Vous êtes une figure incontournable du monde de l’édition en Ukraine. Aux côtés de Constantin Sigov, vous codirigez Doukh i Litera (ce qui se traduit par « L’Esprit et la lettre »), la principale maison d’édition d’Ukraine dans le domaine des sciences humaines. Votre catalogue évoque une « bibliothèque idéale » de l’intellectuel. Pourriez-vous raconter comment Doukh i Litera est né et ce qui a guidé vos choix de publication ?

La maison d’édition a été créée il y a 32 ans par Constantin Sigov, mon ami de longue date. Après avoir vécu quelques années en France où il avait étudié et enseigné, il était revenu à Kyïv avec l’idée de créer une maison d’édition. Au début, il s’agissait d’un laboratoire franco-ukrainien à l’Académie Mohyla de Kyïv1. C’était l’époque où l’on voyait émerger en Ukraine toutes sortes de structures issues de la société civile. De mon côté, j’étais occupé à créer un centre d’études juives, ce qui n’était pas une mince affaire : les gens qui connaissaient l’hébreu ou le yiddish étaient tous déjà morts ou avaient émigré, il n’y avait aucun enseignant… Constantin m’a proposé de collaborer avec lui pour développer son centre et publier des livres. Après quelques hésitations, j’ai fini par accepter. Petit à petit, j’ai commencé à m’occuper des questions éditoriales.

Au début, c’est Constantin qui fixait le cap éditorial. Nous éditions de petites brochures. Il n’y avait pas encore de traducteurs qualifiés. J’aurais honte maintenant de vous montrer ces livres du début. C’était extrêmement modeste par rapport à ce que nous faisons maintenant.
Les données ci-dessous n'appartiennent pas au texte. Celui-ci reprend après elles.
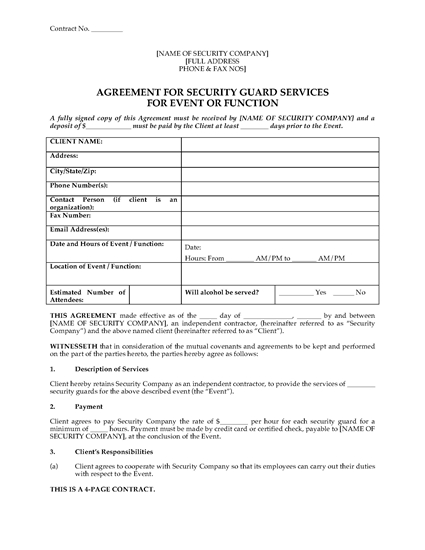 Picture of Security Guard Agreement for Event or Function | USA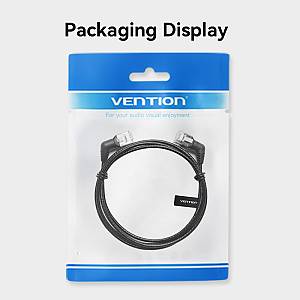 Vention NETWORK Cable Cat6A UTP Rotate Right Angle Slim 2.0m Black IBOBH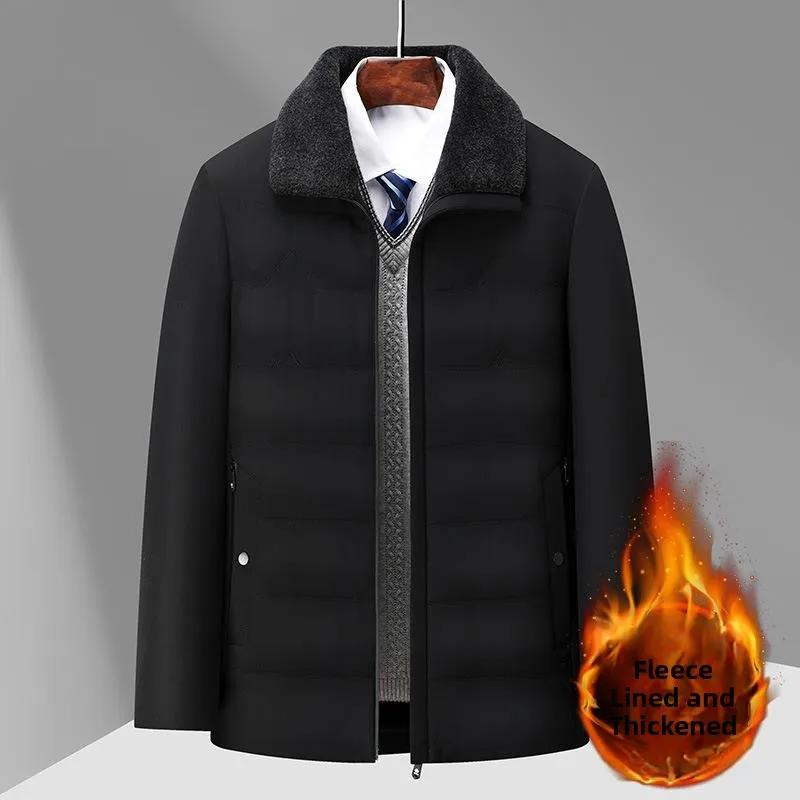 

Теплый хлопковый тюнер для мужчин среднего возраста и лет, зимняя одежда с откидным воротником, мужской длинный длинный полиэстер F...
Progressivement, j’ai commencé à chercher ma propre voie, en publiant des livres sur l’histoire et la culture juives. À cette époque, notre maison d’édition éditait une dizaine de livres par an, alors qu’aujourd’hui, nous en publions entre 50 et 60. Avec le temps, le Centre Judaïca que j’avais créé est devenu un centre universitaire au sein de l’Académie Mohyla. Nous avons plusieurs dizaines de collaborateurs. Les ouvrages sur le monde juif représentent un tiers des publications du centre, les deux autres tiers sont des livres relevant des Humanités en général, des livres « libéraux et démocratiques ».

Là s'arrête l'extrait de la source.